Cooper's Great Goal.,/p> Aberdeen's other counters were got by Moore and Cooper. The centre-forward took his goal very cleverly, but Cooper's goal will be remembered for years to come. The Aberdeen captain fastened on to a clearance by a Cowdenbeath defender. Trapping the ball, he carried it forward, and from about twenty-five yards he let go a terrific drive which entered the net well out the Cowdenbeith goalkeeper's reach. This was Cooper's first goal since he joined Aberdeen six seasons ago. It was a great effort, and it was little wonder that the captain was given an ovation by the crowd. He deserved it. There was no comparison between the teams. Aberdeen were stronger in every department. Cumming had easy an afternoon. He had really only one direct shot to deal with during the whole game. Cooper was in a class by himself at back. His Judgment and tackling was sound, while his kicking was beautifully timed. McGill also did well, but was wild in his tackling.
Falloon's Defensive Work.It took the half-backs some time to find their game, and, in the early stages, not only was their positioning bad, but their efforts at putting the ball forward in the manner that attackers expect were crude. There was improvement later. Falloon was great in defence, but his effectiveness ended there. If the Irishman was as good a constructive player as he is destructive, he would have few equals in Scotland. Still, Falloon gets through a power of work as a third back, and he must be given due credit for that. O'Reilly was erratic, and has not yet regained the form which gained him praise last season. Thomson was slow. Perhaps he was feeling the strain of the hectic three days' football. If the Aberdeen middle division had been at the top of their game, there is no saying what the score might have been. Nor can the forwards, as a line, look back on this game with satisfaction. It took the inside men a long while to get into their stride, but at no period could it be said that Gall and Beynon were successes as wingers. Gall had a poor match. There were occasions, in the first half especially, when he was given ideal passes from Moore and Mills, but he failed to make proper use of them. Beynon had a poor first half. He was prone to dribble when he should have swung the ball into the centre. Still, towards the close of the match he revealed glimpses of his real ability.

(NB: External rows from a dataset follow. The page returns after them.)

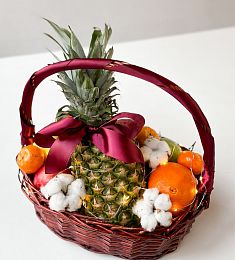 Фруктовая корзина "Праздник" с ананасом, цитрусовыми и яблоками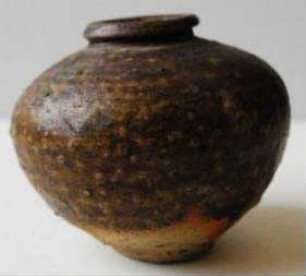 Glasierte Kugelvase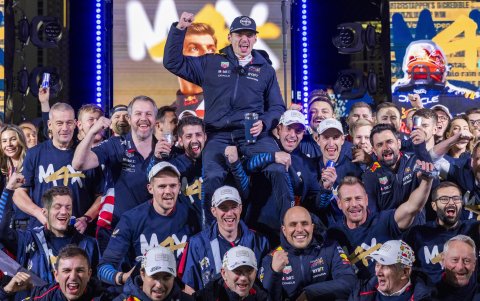Mad Max celebrando con toda su escudería el titulo de campeones 2024.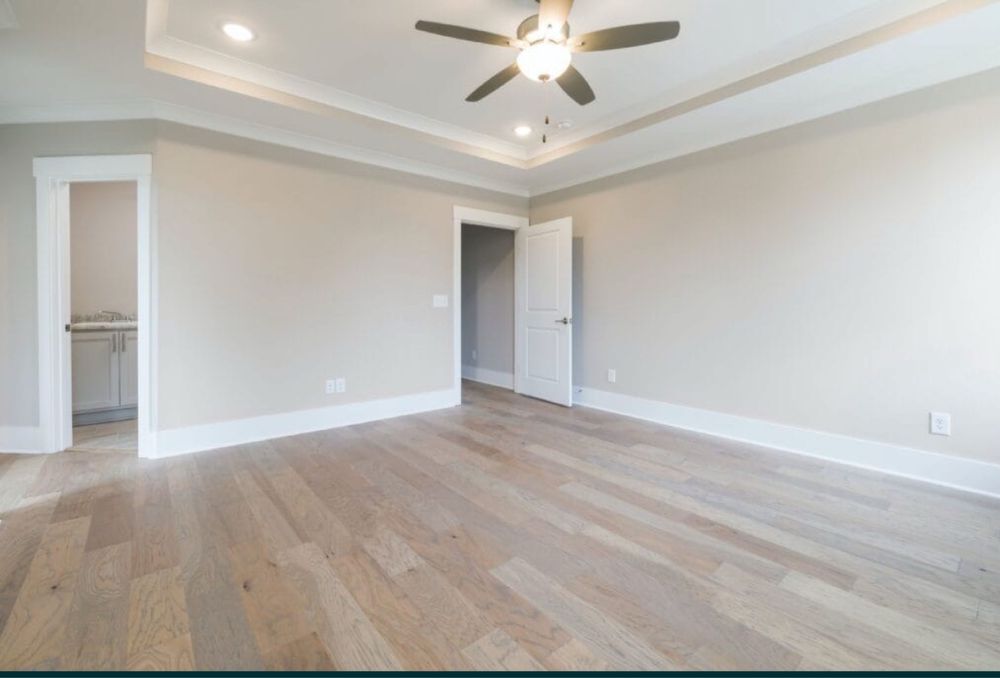 Renovari interioare,zugraveli si reparatii.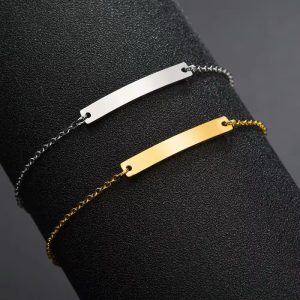 Engraved gold simple bracelet with box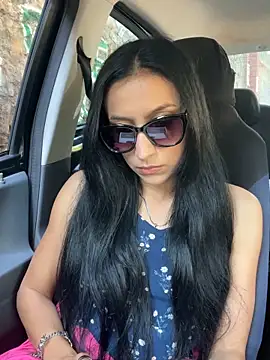 anamaria04 online show from April 18, 2026, 2:30 pm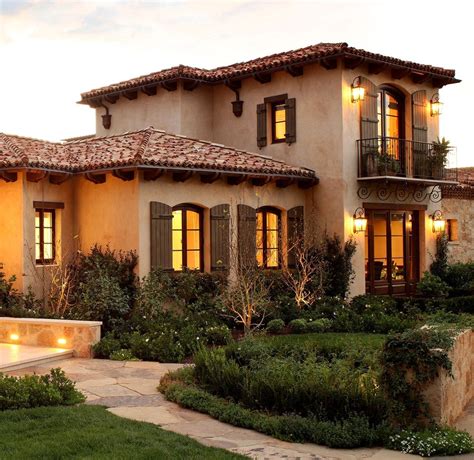 The key to distinguishing the spanish and mediterranean style house plans is the tile roof and arched doorways and patios. e7132e7cf234e67abf256a4c1105106b.jpg 1,200×1,166 pixels ...
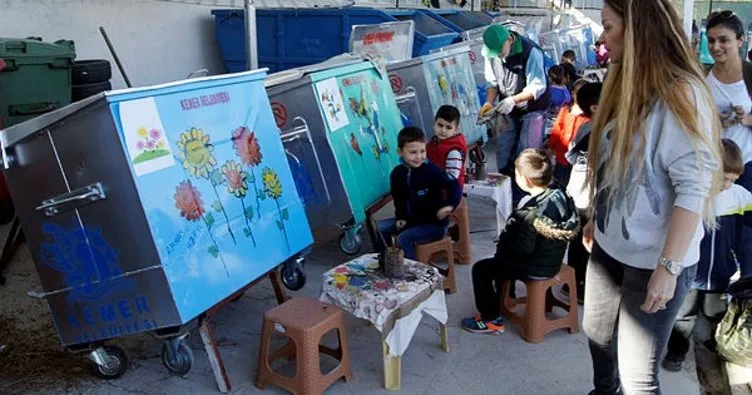 Anaokulu öğrencileri konteyner boyadı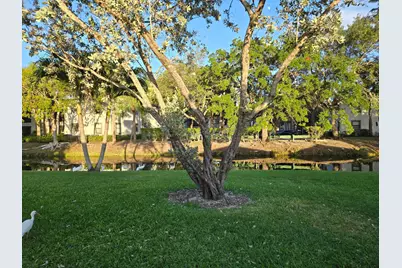 1320 NW 82nd Avenue, Plantation, FL 33322 - Photo 2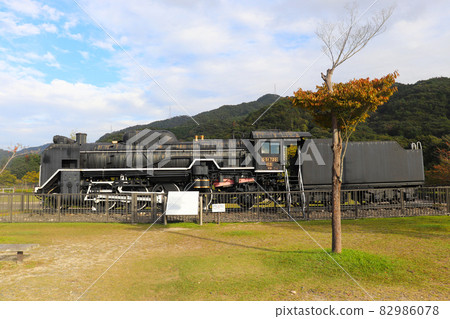 Hiroshima steam locomotive "D51 type 720" 82986078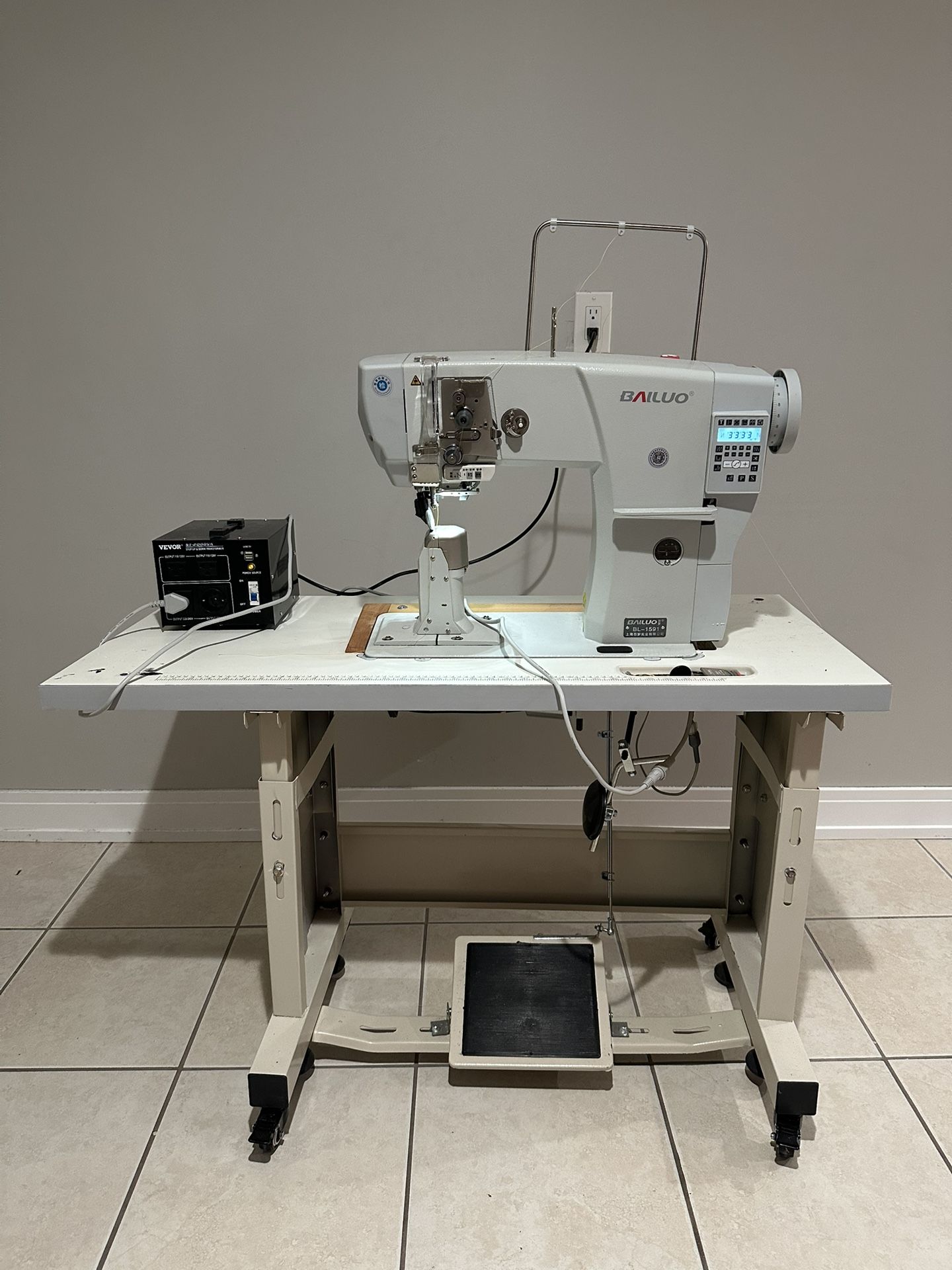 Heavy-Duty BAILUO-571 Single Needle Post Bed Industrial Sewing Machine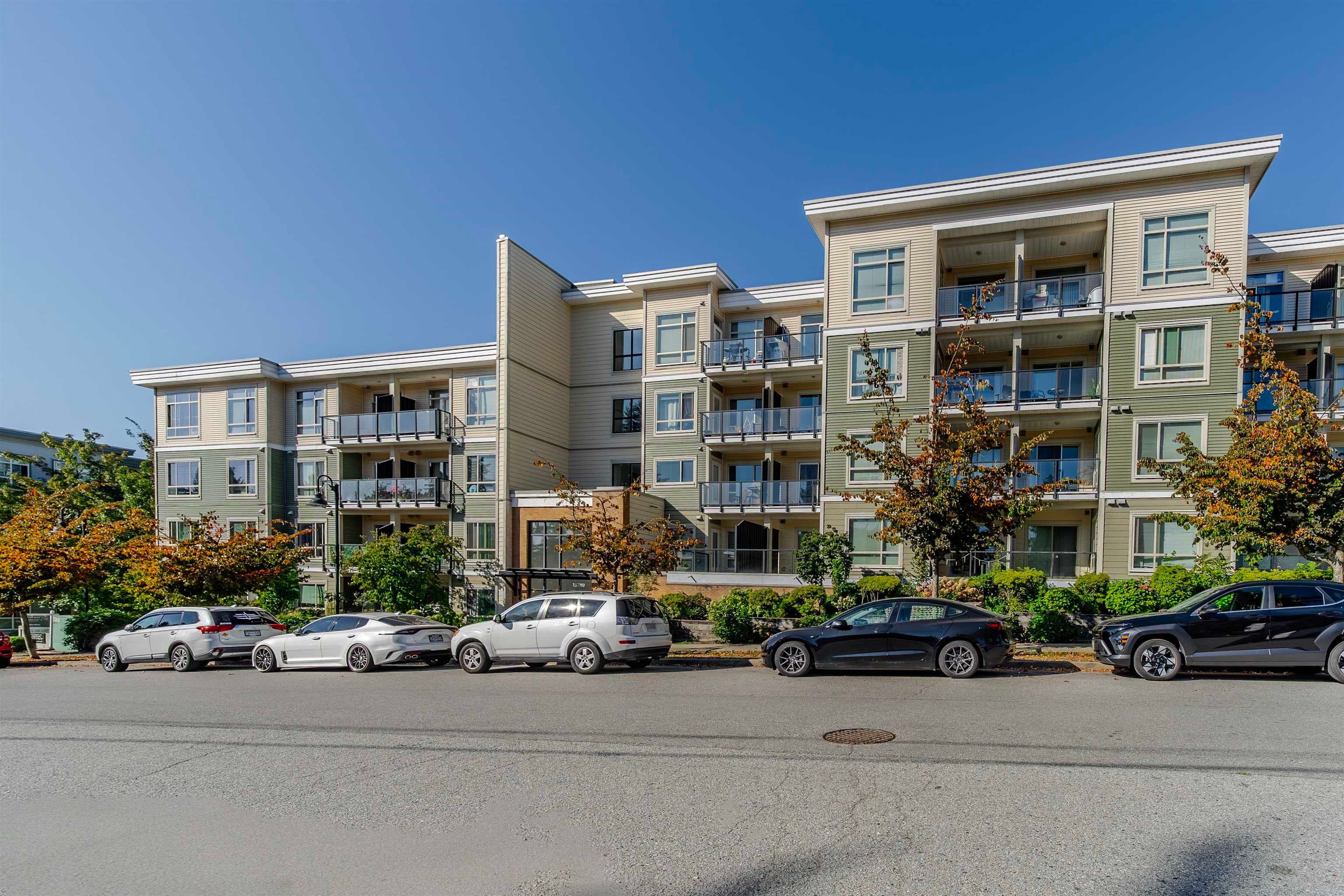 522 - 13789 107a Avenue, Surrey, V3T 0B8 — photo 2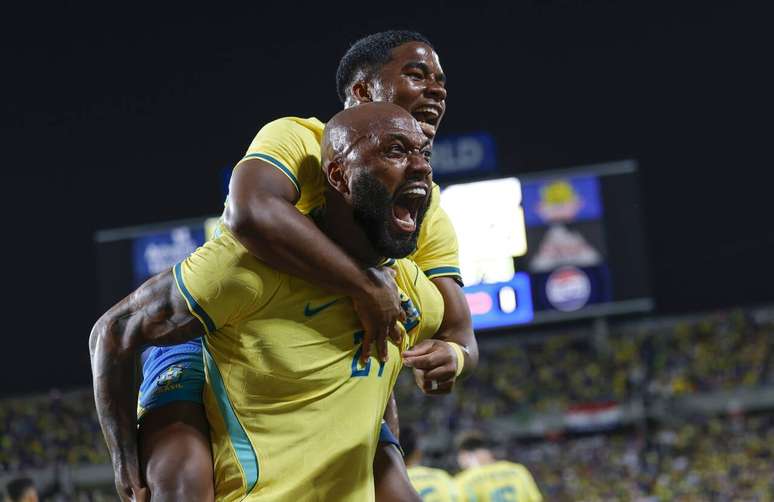 Sele&ccedil;&atilde;o Brasileira inicia prepara&ccedil;&atilde;o para a Copa do Mundo dia 27 &ndash;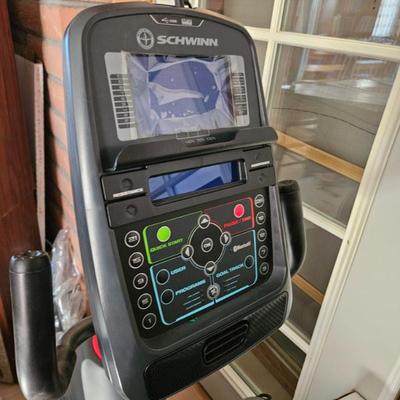 Sale Photo Thumbnail #140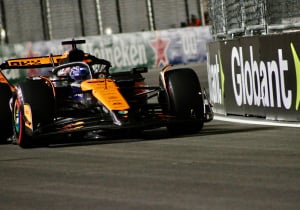 'Verplichte aanpassing van 'illegale' achtervleugel is oorzaak van plotselinge verlies McLaren'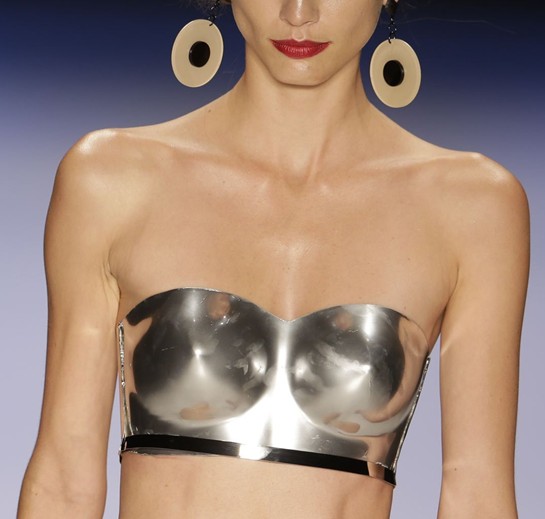 里約時裝秀推出金屬網(wǎng)格比基尼 剛?cè)岵苄愿? style=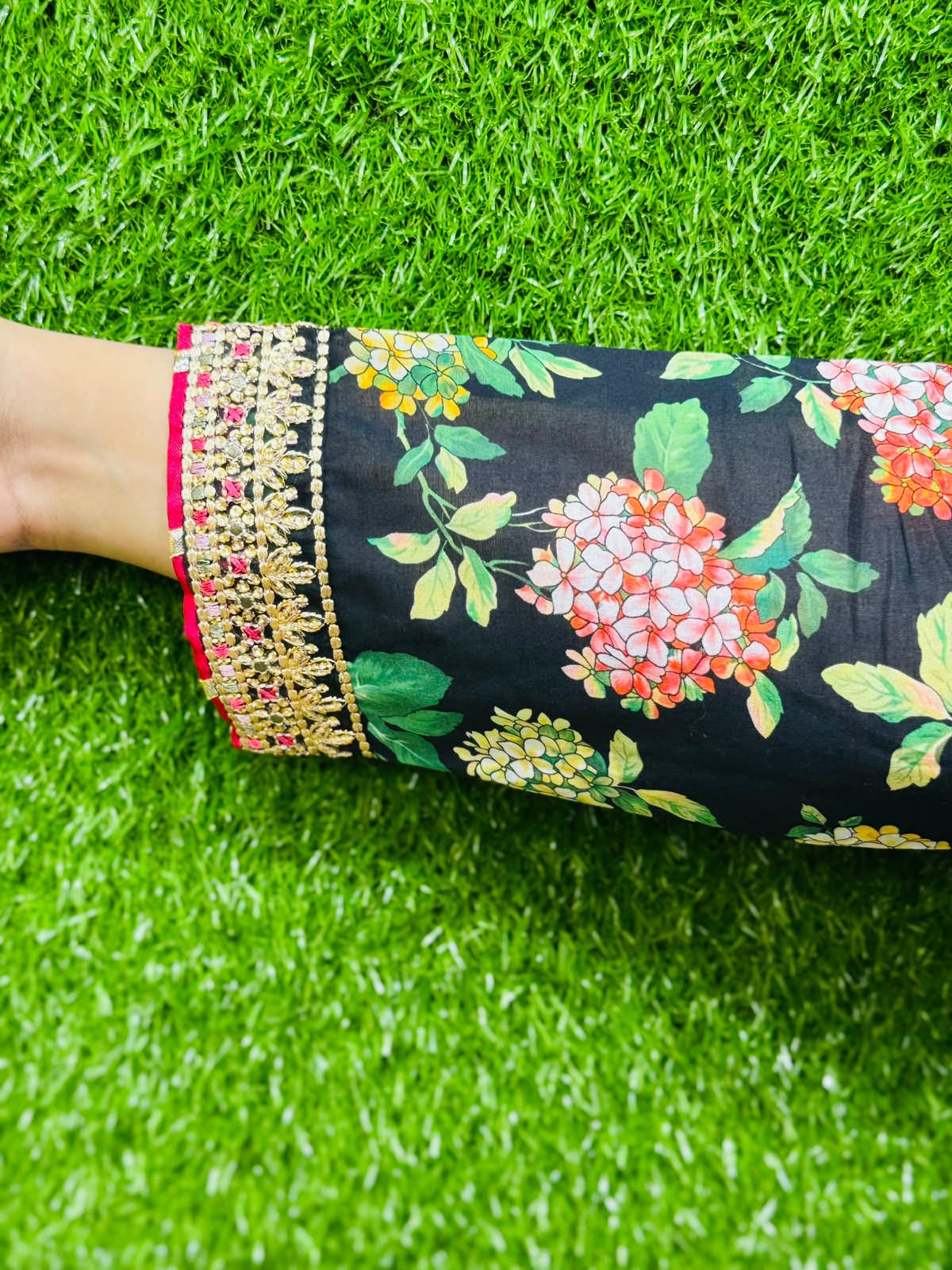 3 pc Embroidery Lawn Fabric 4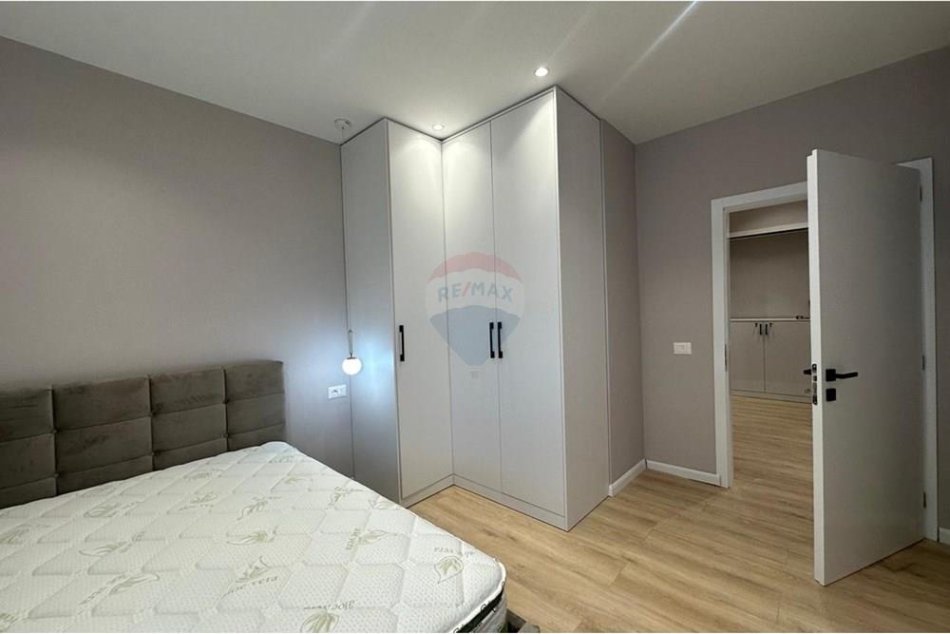 Tirane, jepet me qera apartament 1+1 , 50 m² 500 € (bulevardi migjeni)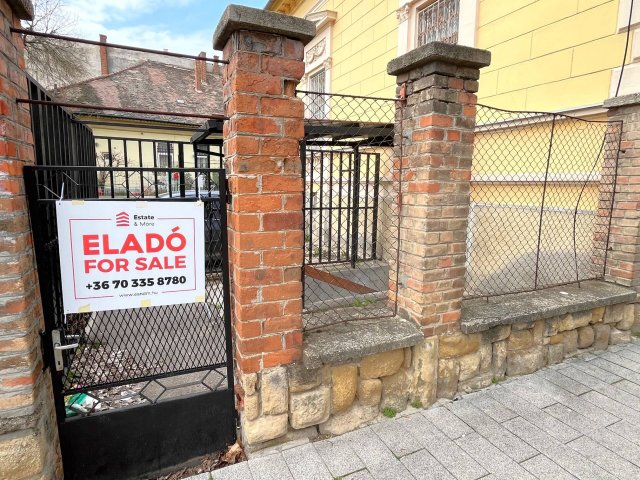 Eladó üzlethelyiség, Pécsett 30.99 M Ft / költözzbe.hu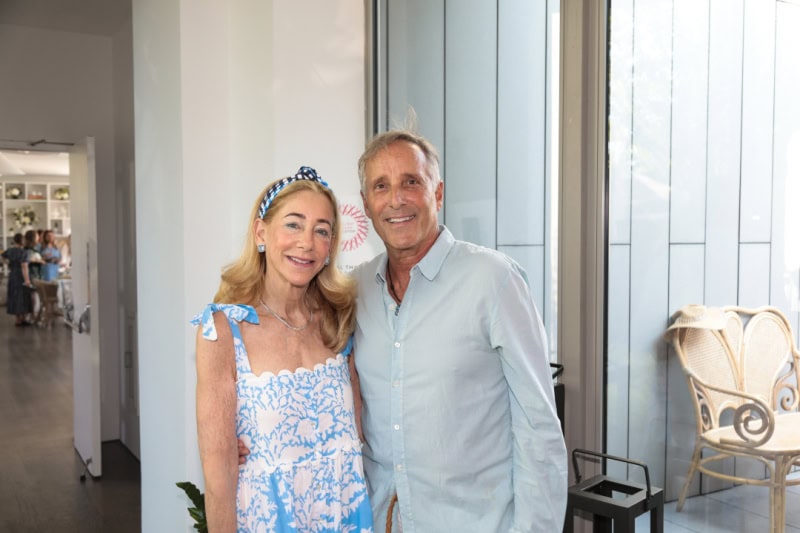 Renee-Steinberg-Richard-Steinbergholida-house-tabletop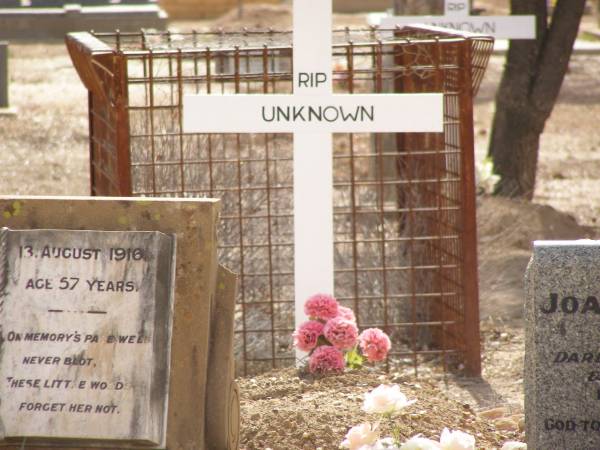 many unknown people are buried in the cemetery,  |   | Lightning Ridge cemetery, New South Wales  | 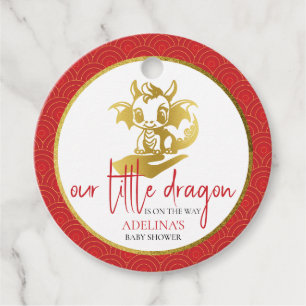 Étiquettes Cadeau Red Cute Little Dragon Est Sur Le Chemin Baby show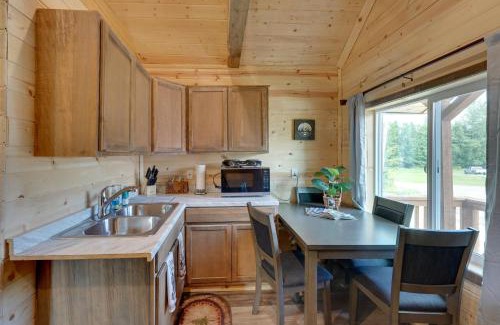 Kalifornsky Apartamento | Kenai Peninsula Base Camp Cabin in Soldotna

Moore a Trier.Moore and Warnock were triers. The centre led the attack unselfishly, while Warnock was clever on the ball. Mills was the outstanding player in the home attack. Little need be said about Cowdenbeath. They were weak in all divisions and were never together as a team. Praise is due Scott for his work in goal, while Macdonald and Mitchell put up a stubborn fight against great odds. Only Glancy of the halves impressed, while in as poor a forward line has been seen at Pittodrie this season there was not an outstanding player. McCurley, the former East Fife player, was the only attacker worthy of mention.